All the vulnerabilities presented in this blog post (#1, #2, #3, #4, #5, #6, #7) were reported to Apple and subsequently fixed in iOS 11. For an analysis of other affected devices in the Apple ecosystem, see the corresponding security bulletins.

Hardware Isolation

PCIe DMA


Broadcom’s Wi-Fi chips are present in a wide range of platforms; including mobile phones, IOT devices and Wi-Fi routers. To accommodate for this variance, each chip must be sufficiently configurable, supporting several different interfaces for vendors wishing to integrate the chip into their platform. Indeed, Cypress’s data sheets include a wide range of supported interfaces, including PCIe, SDIO and USB.
While choosing the interface with which to integrate the chip may seem inconsequential, it could have far ranging security implications. Each interface comes with different security guarantees, affecting the degree to which the peripheral may be “isolated” from the host. As we’ve already demonstrated how the Wi-Fi chip’s security can be subverted by remote attackers, it’s clear that providing isolation is crucial in sufficiently safeguarding the host.

From a security perspective, both SDIO and USB (up to 3.1) inherently offer some degree of isolation. SDIO solely enables the serial transfer of information between the host and the target device. Similarly, USB allows the transfer of “packets” between peripherals and the host. Broadly speaking, both interfaces can be thought of as facilitating an explicit communication channel between the host and the peripheral. All the data transported through these interfaces must be explicitly handled by either peer, by inspecting incoming requests and responding accordingly.

PCIe operates using a different paradigm. Instead of communicating with the host using a communication protocol, PCIe allows peripherals to gain Direct Memory Access (DMA) to the host’s memory. Using DMA, peripherals may autonomously prepare data structures within the host’s memory, only signalling the host (via a Message Signalled Interrupt) once there’s processing to be done. Operating in this manner allows the host to conserve computing resources, as opposed to protocols that require processing to transfer data between endpoints or to handle each individual request.

Efficient as this approach may be, it also raises some challenges with regards to isolation. First and foremost, how can we be guaranteed that malicious peripherals won’t abuse this access in order to attack the host? After all, in the presence of full control over the host’s memory, subverting any program running on the host is trivial (for example, peripherals may freely modify a program’s stack, alter function pointers, overwrite code -- all unbeknownst to the host itself).

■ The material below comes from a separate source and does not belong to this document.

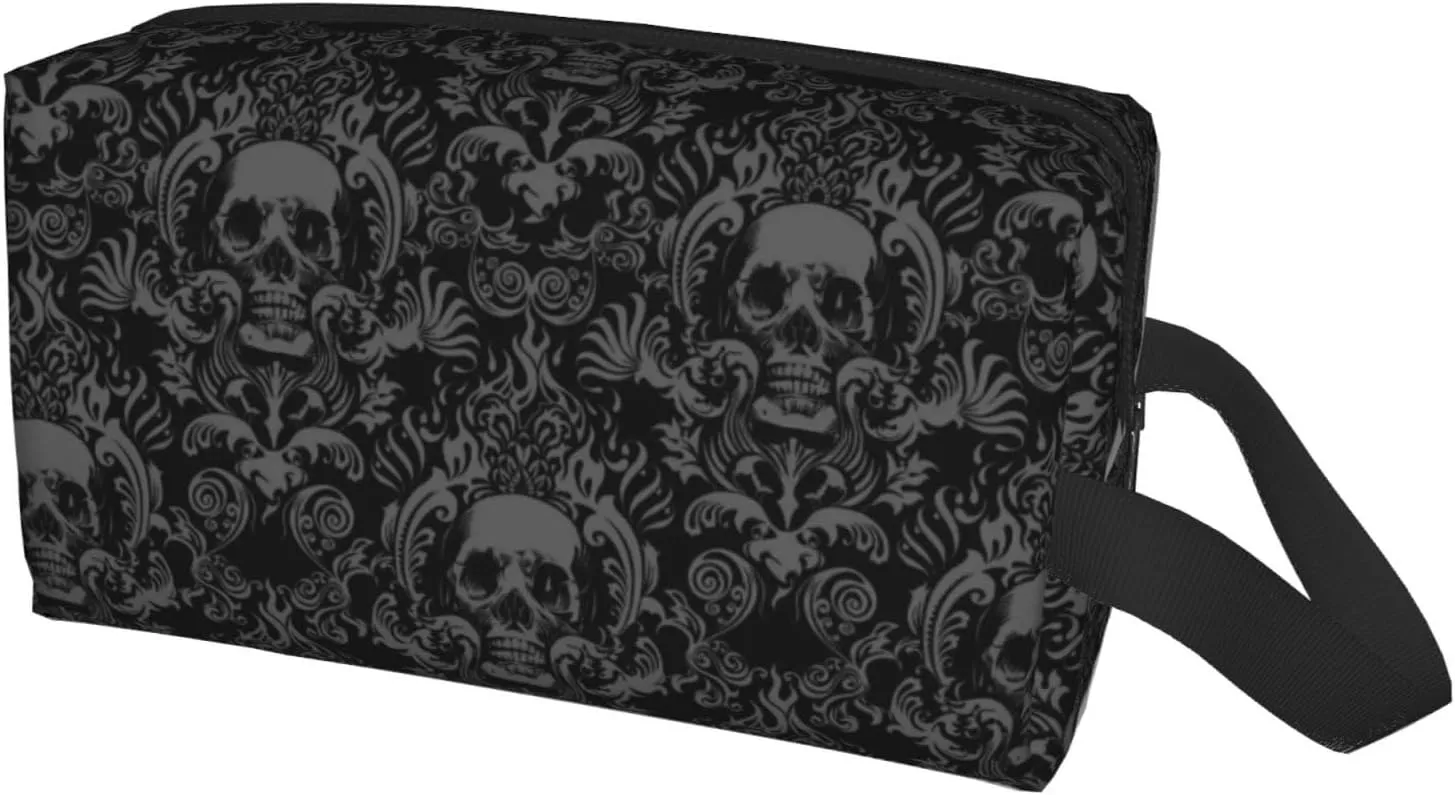 Gothic Skull Black Flower Halloween Cosmetic Bag for Women, Large Capacity Travel Makeup Pouch Portable Waterproof Toiletries Accessories Organizer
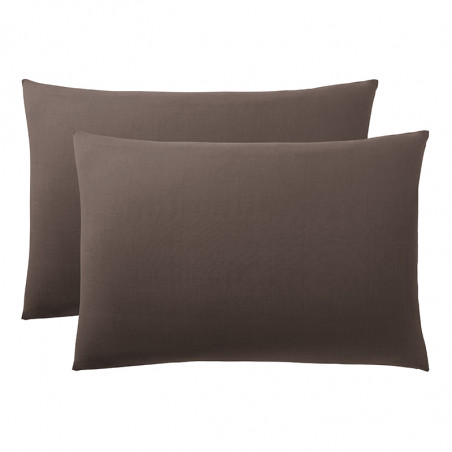 Lot de 2 taies d'oreiller Choco 50 x 70 cm / 100% Coton / 57 fils/cm²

Luckily, this issue has not gone unaddressed. Sufficient isolation for DMA-capable components can be achieved by partitioning the visible memory space available to the peripheral using a dedicated hardware component - an I/O Memory Management Unit (IOMMU).
IOMMUs facilitate a memory translation service for peripherals, converting their addressable memory ranges (referred to as “IO-Space”) into ranges within the host’s Physical Address Space (PAS). Configuring the IOMMU’s translation tables allows the host to selectively control which portions of its memory are exposed to each peripheral, while safeguarding other ranges against potentially malicious access. Consequently, the bulk of the responsibility for providing sufficient isolation lays with the host.

Returning to the issue at hand, as we are focusing on the Wi-Fi stack present within Apple’s ecosystem, an immediate question springs to mind -- which interfaces does Apple leverage to connect the Wi-Fi chip to the host? Inspecting the Wi-Fi firmware images present in several generations of Apple devices reveals that since the iPhone 6 (included), Apple has opted for PCIe to connect the Wi-Fi chip to the host. Older models, such as the iPhone 5c and 5s, relied on a USB interface instead.
Due to the risks highlighted above, it is crucial that recent iPhones utilise an IOMMU to isolate themselves from potentially malicious PCIe-connected Wi-Fi chips. Indeed, during our previous research into the isolation mechanisms on Android devices, we discovered that no isolation was enforced in two of the most prominent SoCs; Qualcomm’s Snapdragon 810 and Samsung’s Exynos 8890, thereby allowing the Wi-Fi chip to freely access the host’s memory (leading to complete compromise of the device).

Inspecting the DMA Engine


To gain some visibility into the isolation capabilities present on the iPhone 7, we’ll begin by exploring the Wi-Fi firmware itself. If a form of isolation is present, the memory ranges used by the Wi-Fi SoC to perform DMA operations and those utilised by the host would be disparate. Conversely, if we happen to find the same ranges of physical addresses, that would hint that no         isolation is taking place.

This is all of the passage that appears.